Ponad tydzień temu znalazłam dzikie szczurzątko. Prawdopodobnie dopiero co otworzyło oczy, było lekko poturbowane, pewnie kot je złapał. Wzięłam je, karmiłam, szczurzątko rośnie. Początkowo strasznie "płakało" kiedy nie czuło ciepła rąk. Teraz staram się go nie brać tylko podawać jedzonko do pojemnika ( od trzech dni je sam) I teraz mam dwa problemy. Nie jetem pewna czy on nie jest aby ślepy i czy w tym wypadku sobie poradzi ( jest bardzo żywy) i drugie gdzie go wypuścić aby dał sobie bez problemu radę? Proszę o pomoc chcę jak najlepiej dla tego maleństwa ;)
Awatar użytkownika
noovaa
Posty: 4882
Rejestracja: sob sie 07, 2010 12:22 pm
Numer GG: 8639358
Lokalizacja: Białystok

Re: Dzikie szczurzątko

Post autor: noovaa »

Nie da sobie rady na wolności. Został udomowiony i na wolności nie przeżyje. Powinien znaleźć dom u doświadczonych ludzi, bo będzie trudniejszy niż domowy szczur i koniecznie stado, bo sam być nie powinien ;)
Obrazek
Szczurza rodzinka: * Lili * Kropka * Zmyłka * Wypierd *
Odeszły: * Maja * Różyczka * Adaś * Niunia * Yuki * Remi * Jagódka * Yogi * Phantom * Czochruś * Ninja * Nefertari * Misiu *
Awatar użytkownika
Paul_Julian
Posty: 13223
Rejestracja: ndz mar 08, 2009 2:21 pm
Lokalizacja: Gdynia
Kontakt:

Re: Dzikie szczurzątko

Post autor: Paul_Julian »

Butterly, napisz do Smeg.

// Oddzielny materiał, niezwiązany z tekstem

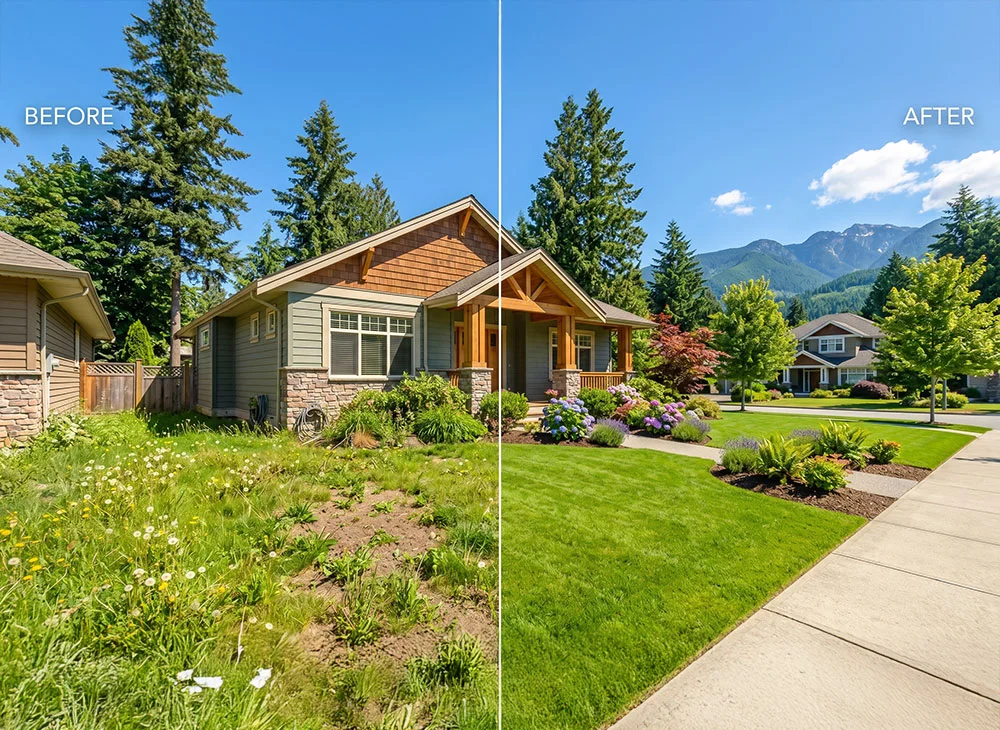 Residential yard in Kamloops BC showing signs of needing professional lawn care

Smeg zajmowała się malutkim dzikim szczurkiem, i pózniej mieszkał u niej w domu.
Szczursieny :
Illyasviel,Iskander,Kretka,Lusia,Karmel
W szczurzym raju:
Dorian,Luna,Czika,Niunia,Śnieżynka,Pati,Florka,Nicponia,Kropek,Kredka,Partyzant Soran,Mysia,Gucia, Malwinka,Imbir, Lucjan,Maja,Igor,Figa,Pcheła,Biały Rekin,Krzyś Włóczykij,3kropka,Mink,Sowa,Buła,Nezumi,Krecia, Bubuś, Królewna Fru-Fru,Pyza,Porzeczka, dzielna Mucha
Butterfly92
Posty: 4
Rejestracja: ndz lip 27, 2014 10:35 am

Re: Dzikie szczurzątko

Post autor: Butterfly92 »

Udomowiony nie został.. Złapać się nie daje już i strasznie się boi. Ale dzisiaj spróbowałam i właśnie zobaczyłam jego oczka i to trochę mnie martwi. Wydaje mi się, że na jedno jest zupełnie ślepy.
Awatar użytkownika
Paul_Julian
Posty: 13223
Rejestracja: ndz mar 08, 2009 2:21 pm
Lokalizacja: Gdynia
Kontakt:

Re: Dzikie szczurzątko

Post autor: Paul_Julian »

Całkiem udomowiony nie jest, ale już sie nauczył, ze jedzonko dostaje do łapek, nie musi polować. Ślepotą sie nie martw, zmysł wzroku nie jest tak ważny dla szczurków. A boi się jak każdy zwierzak w nowej sytuacji :) Każdego szczurka trzeba oswoić.
Szczursieny :
Illyasviel,Iskander,Kretka,Lusia,Karmel
W szczurzym raju:
Dorian,Luna,Czika,Niunia,Śnieżynka,Pati,Florka,Nicponia,Kropek,Kredka,Partyzant Soran,Mysia,Gucia, Malwinka,Imbir, Lucjan,Maja,Igor,Figa,Pcheła,Biały Rekin,Krzyś Włóczykij,3kropka,Mink,Sowa,Buła,Nezumi,Krecia, Bubuś, Królewna Fru-Fru,Pyza,Porzeczka, dzielna Mucha
Awatar użytkownika
noovaa
Posty: 4882
Rejestracja: sob sie 07, 2010 12:22 pm
Numer GG: 8639358
Lokalizacja: Białystok

Re: Dzikie szczurzątko

Post autor: noovaa »

Szczurek nie ma stada które powiedziałoby mu jak pachnie dobre jedzenie, a czego ma nie jeść. Nie zna zachowań, których nauczyłaby go matka, nie wie gdzie jest bezpiecznie, ani na co ma uważać. Boi się, bo to naturalne u nieoswojonych szczurów. Te domowe, z zoologów też najczęściej się boją, ale nie przeżyłyby na wolności.
Obrazek
Szczurza rodzinka: * Lili * Kropka * Zmyłka * Wypierd *
Odeszły: * Maja * Różyczka * Adaś * Niunia * Yuki * Remi * Jagódka * Yogi * Phantom * Czochruś * Ninja * Nefertari * Misiu *
Butterfly92
Posty: 4
Rejestracja: ndz lip 27, 2014 10:35 am

Re: Dzikie szczurzątko

Post autor: Butterfly92 »

Czyli nie ma szans aby przetrwał na wolności?
Awatar użytkownika
smeg
Posty: 4739
Rejestracja: śr kwie 01, 2009 2:50 pm
Lokalizacja: Gdańsk
Kontakt:

Re: Dzikie szczurzątko

Post autor: smeg »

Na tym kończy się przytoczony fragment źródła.